# The injectivity radii of the unitary groups

February 22, 2023

## Introduction

Suppose you held up an object and began rotating it at a fixed speed. After some amount of time, you stop rotating it. If I know the starting pose of the object and the amount of time that has passed, under what conditions can I also tell you the rotational velocity (both direction and speed) of the spinning object?

There's really just one condition: that the rotational distance (i.e. angle) between the initial and final positions does not exceed some maximum value. For example, if you rotate 180° in any direction, it's impossible for me to know whether you rotated the object clockwise or counterclockwise. Worse, if you rotate a full 360°, I couldn't know whether you didn't move the object at all or performed a whole rotation or a million rotations. This maximum allowed distance that allows one to still infer the initial and final orientation is called the injectivity radius[1].

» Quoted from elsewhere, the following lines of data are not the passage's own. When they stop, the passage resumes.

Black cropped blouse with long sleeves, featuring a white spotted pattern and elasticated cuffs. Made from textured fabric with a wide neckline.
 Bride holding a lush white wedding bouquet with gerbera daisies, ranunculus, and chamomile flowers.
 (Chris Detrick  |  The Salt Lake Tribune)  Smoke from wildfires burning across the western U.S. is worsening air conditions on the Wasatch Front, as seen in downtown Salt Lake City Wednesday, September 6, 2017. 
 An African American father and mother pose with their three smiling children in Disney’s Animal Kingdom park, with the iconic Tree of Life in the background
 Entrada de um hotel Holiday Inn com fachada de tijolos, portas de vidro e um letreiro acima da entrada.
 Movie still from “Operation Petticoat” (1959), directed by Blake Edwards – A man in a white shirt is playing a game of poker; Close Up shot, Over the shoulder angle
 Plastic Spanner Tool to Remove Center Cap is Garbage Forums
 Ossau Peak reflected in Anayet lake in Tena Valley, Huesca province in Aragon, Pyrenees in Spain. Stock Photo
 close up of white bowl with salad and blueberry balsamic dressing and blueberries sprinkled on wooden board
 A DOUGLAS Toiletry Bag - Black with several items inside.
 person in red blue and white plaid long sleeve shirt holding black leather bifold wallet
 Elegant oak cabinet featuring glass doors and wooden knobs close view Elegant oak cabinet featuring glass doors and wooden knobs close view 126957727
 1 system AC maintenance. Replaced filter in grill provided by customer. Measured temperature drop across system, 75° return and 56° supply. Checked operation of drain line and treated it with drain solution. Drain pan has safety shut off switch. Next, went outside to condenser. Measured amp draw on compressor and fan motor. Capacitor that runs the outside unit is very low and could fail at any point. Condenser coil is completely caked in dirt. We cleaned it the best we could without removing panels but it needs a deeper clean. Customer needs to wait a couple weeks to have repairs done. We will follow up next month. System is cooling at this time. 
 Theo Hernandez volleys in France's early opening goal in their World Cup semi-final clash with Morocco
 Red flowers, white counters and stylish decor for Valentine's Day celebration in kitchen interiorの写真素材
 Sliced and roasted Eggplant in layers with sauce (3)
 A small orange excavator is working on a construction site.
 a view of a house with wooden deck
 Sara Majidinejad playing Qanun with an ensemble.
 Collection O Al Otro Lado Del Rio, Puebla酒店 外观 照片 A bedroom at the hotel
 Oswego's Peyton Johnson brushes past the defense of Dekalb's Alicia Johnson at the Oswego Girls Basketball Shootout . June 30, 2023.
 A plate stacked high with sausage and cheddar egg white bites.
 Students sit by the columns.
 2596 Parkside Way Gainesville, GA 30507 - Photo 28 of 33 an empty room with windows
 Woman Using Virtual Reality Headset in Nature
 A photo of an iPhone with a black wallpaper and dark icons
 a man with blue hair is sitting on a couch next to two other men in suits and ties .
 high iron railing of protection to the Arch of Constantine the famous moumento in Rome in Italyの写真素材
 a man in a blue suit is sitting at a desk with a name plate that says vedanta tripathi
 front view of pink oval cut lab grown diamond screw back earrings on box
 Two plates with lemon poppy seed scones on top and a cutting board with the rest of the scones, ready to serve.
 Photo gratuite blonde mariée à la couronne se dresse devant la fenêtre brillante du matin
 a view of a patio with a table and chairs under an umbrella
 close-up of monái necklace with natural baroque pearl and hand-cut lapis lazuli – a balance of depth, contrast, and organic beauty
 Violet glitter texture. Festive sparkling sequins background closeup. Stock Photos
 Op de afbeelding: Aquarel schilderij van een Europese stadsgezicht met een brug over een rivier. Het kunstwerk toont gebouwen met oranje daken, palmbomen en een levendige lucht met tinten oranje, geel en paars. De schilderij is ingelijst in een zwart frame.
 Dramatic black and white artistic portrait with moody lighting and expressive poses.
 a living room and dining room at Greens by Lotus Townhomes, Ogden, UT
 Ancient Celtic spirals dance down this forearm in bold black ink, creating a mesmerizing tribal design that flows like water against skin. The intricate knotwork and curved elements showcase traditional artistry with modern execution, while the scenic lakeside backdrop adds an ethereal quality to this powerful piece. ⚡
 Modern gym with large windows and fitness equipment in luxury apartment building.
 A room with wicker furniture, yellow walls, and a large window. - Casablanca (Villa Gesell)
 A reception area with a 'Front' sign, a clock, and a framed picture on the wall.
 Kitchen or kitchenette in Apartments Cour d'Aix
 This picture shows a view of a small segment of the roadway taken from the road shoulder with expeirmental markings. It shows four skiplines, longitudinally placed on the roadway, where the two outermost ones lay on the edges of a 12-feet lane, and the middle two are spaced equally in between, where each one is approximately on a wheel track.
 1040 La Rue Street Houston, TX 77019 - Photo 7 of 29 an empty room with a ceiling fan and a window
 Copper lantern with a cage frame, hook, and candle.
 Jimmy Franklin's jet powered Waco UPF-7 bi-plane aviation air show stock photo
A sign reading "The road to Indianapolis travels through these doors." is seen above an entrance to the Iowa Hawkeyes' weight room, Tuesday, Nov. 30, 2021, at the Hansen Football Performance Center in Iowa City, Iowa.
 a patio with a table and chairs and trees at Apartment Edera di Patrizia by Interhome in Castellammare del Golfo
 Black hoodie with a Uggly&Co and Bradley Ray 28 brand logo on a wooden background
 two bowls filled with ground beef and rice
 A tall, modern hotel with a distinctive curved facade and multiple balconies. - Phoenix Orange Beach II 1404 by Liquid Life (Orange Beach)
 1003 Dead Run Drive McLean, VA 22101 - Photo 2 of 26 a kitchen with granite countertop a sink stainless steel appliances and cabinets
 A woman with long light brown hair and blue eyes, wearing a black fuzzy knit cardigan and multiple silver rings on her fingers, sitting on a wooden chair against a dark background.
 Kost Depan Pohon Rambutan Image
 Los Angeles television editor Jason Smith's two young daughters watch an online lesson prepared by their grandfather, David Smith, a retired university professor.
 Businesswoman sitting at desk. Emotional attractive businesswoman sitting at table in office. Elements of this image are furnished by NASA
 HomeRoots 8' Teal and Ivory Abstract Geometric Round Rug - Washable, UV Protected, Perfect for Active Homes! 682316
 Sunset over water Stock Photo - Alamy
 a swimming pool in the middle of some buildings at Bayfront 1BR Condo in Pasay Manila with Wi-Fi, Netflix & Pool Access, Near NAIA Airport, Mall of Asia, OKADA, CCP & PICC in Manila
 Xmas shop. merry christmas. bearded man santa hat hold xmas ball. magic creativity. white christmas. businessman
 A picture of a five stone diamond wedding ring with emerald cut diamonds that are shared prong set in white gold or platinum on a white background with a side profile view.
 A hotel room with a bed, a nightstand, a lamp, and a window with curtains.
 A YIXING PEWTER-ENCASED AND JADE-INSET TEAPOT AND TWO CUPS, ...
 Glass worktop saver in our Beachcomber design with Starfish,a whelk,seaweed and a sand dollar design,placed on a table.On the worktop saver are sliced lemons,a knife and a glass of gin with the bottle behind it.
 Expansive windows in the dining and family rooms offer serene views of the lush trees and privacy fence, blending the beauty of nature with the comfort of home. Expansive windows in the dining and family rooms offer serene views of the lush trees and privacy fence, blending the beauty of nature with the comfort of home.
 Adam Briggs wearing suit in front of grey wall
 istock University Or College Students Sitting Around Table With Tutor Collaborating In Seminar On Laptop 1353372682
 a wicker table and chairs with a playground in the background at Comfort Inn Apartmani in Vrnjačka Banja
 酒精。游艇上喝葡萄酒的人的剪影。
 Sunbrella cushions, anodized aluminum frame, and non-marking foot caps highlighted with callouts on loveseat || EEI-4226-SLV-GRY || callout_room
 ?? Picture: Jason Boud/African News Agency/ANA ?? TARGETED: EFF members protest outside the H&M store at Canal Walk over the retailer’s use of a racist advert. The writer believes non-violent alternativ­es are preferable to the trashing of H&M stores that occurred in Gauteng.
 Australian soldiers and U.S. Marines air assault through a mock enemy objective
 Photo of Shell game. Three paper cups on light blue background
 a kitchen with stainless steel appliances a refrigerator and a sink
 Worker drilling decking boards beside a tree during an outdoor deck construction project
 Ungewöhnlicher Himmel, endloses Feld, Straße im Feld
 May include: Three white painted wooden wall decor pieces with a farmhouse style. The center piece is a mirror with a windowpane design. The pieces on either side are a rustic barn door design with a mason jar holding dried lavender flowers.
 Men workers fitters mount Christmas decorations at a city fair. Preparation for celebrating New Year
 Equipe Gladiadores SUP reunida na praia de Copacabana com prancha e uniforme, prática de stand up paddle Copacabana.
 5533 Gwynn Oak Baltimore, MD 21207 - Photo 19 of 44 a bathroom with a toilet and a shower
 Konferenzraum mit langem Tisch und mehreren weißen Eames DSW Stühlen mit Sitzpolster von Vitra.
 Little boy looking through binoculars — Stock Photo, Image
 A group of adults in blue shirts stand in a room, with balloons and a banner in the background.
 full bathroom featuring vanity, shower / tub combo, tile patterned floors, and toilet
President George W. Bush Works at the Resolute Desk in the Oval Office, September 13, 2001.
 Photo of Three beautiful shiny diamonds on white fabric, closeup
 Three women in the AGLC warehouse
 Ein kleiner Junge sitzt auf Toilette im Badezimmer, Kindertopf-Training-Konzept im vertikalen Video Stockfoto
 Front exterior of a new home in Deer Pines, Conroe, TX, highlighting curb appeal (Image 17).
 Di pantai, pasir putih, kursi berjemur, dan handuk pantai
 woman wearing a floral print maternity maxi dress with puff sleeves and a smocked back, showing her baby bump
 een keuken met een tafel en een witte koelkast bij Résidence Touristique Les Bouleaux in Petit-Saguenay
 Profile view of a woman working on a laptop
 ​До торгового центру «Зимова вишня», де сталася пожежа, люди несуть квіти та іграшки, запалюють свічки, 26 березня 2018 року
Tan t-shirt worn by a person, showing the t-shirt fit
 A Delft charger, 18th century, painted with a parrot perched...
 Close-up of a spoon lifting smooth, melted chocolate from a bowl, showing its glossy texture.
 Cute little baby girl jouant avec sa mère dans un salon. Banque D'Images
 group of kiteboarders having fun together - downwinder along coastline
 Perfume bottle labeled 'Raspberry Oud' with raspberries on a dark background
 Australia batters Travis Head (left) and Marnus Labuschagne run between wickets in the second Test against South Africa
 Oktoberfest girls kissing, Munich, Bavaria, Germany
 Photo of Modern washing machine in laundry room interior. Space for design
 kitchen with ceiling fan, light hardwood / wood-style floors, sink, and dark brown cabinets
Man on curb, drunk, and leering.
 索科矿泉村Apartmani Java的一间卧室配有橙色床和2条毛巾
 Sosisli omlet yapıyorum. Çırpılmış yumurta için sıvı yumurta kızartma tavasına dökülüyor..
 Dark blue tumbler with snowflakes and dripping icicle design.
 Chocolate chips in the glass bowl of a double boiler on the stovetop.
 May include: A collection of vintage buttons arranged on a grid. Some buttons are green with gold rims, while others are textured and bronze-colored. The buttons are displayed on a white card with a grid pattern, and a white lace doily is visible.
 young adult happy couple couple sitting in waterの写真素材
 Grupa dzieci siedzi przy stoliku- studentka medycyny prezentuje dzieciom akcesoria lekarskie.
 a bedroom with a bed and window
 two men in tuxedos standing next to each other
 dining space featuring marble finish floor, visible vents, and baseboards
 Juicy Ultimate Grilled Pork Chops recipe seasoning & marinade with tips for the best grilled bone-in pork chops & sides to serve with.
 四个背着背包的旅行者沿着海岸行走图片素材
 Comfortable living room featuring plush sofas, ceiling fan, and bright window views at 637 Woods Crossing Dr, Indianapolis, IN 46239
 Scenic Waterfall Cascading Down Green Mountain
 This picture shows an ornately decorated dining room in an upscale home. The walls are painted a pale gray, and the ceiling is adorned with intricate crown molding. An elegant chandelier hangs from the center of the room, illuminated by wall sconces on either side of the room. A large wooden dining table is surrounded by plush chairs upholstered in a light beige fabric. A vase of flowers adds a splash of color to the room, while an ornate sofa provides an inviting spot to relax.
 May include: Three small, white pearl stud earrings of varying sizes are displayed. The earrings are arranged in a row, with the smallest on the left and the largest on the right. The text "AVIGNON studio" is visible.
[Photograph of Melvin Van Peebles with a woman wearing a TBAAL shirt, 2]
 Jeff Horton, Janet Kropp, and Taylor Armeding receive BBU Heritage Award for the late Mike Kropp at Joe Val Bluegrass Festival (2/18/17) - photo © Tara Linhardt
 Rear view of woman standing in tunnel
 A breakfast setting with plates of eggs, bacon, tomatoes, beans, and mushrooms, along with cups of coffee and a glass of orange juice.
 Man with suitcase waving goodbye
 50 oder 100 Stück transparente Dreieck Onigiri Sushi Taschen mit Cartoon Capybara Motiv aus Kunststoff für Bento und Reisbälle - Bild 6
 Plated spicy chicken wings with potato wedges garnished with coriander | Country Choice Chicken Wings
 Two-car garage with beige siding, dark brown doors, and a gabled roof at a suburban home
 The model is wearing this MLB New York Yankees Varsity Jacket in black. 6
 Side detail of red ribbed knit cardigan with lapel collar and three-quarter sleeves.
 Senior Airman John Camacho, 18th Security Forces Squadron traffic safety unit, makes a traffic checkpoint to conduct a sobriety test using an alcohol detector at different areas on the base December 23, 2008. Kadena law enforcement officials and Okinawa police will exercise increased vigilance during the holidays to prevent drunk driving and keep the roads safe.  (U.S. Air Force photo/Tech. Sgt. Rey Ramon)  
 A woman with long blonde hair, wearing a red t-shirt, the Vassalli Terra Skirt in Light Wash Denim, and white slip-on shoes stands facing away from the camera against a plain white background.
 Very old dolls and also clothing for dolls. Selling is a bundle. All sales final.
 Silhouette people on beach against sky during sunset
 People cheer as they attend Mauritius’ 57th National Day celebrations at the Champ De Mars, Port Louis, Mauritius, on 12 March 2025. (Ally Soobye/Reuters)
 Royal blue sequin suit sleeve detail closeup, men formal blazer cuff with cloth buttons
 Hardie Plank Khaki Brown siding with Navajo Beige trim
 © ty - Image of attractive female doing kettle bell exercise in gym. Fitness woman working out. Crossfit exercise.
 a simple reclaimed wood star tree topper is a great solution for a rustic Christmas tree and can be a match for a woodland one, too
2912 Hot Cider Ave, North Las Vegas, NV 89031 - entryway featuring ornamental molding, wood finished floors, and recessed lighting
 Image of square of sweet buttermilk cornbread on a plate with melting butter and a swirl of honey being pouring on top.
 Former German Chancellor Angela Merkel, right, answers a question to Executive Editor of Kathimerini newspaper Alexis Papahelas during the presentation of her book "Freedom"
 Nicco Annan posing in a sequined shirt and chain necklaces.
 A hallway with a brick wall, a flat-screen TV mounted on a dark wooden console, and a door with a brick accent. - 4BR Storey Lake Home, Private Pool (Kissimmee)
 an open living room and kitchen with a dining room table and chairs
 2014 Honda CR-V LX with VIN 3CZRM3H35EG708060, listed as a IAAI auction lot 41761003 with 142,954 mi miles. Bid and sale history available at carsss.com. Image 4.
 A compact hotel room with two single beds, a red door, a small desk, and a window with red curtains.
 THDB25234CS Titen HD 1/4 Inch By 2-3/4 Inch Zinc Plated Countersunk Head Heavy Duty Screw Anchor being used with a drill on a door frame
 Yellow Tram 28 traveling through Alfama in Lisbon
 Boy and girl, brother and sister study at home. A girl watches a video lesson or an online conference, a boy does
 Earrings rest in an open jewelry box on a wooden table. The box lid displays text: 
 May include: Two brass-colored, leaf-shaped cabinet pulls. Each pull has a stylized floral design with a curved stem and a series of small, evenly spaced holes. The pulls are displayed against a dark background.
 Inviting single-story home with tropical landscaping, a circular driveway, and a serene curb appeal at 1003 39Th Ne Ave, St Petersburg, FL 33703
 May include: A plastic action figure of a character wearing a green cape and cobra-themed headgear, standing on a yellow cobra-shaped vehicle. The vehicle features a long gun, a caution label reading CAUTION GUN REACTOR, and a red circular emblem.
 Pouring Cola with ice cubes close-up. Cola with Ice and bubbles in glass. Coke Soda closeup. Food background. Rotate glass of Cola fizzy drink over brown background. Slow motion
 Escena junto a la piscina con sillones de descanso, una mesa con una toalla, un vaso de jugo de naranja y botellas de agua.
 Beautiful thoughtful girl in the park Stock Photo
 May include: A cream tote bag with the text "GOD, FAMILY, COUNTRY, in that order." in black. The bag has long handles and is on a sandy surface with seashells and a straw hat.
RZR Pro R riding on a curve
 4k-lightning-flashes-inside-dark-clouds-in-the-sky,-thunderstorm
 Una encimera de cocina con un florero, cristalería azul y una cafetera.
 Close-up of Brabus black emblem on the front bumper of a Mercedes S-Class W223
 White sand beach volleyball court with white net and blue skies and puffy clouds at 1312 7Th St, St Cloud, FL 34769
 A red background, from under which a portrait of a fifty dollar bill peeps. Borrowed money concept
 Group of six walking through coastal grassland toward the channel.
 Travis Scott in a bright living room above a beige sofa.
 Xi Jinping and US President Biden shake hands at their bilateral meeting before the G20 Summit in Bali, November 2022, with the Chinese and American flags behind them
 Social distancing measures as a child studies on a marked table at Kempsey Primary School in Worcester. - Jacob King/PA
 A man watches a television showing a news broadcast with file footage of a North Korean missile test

The question motivating this post is, what is the injectivity radius for the rotations in not just 2 dimensions and 3 dimensions but any dimension? And more generally, what is it for the unitary group and its most common subgroups? Since these groups are featured in many (all?) of the introductory texts on Lie groups and manifolds, and since the injectivity radius is a basic property introduced in differential geometry textbooks, I was surprised that I could not find a single reference giving these radii for these groups.

In this post I'll work out these radii. Marvelously, we don't need any differential geometry or group theory to do this, just linear algebra! Nevertheless, this post assumes familiarity with these topics and for the sake of space will try not define all common terms or notation.[2]

Consider a point $p$ on some manifold $\mathcal{M}$ with tangent vectors $X,Y \in T_p \mathcal{M}$. Assume a Riemannian metric $g_p$ defining an inner product $g_p\colon (X, Y) \mapsto \left\langle X, Y \right\rangle_g$, which induces a norm $\left\lVert X \right\rVert_g$.

Let's denote the exponential map $\exp_p\colon X \mapsto q$ for $q \in \mathcal{M}$ and the logarithmic map $\log_p\colon q \mapsto Y$. The injectivity radius at $p$ is defined as the norm of the smallest $X$ for which $X \ne Y = \log_p (\exp_p X)$, or in other words, the smallest $X$ for which the logarithmic map no longer is the inverse of the exponential map. We further define the global injectivity radius of $\mathcal{M}$ as the infimum of the injectivity radii at all points on the manifold.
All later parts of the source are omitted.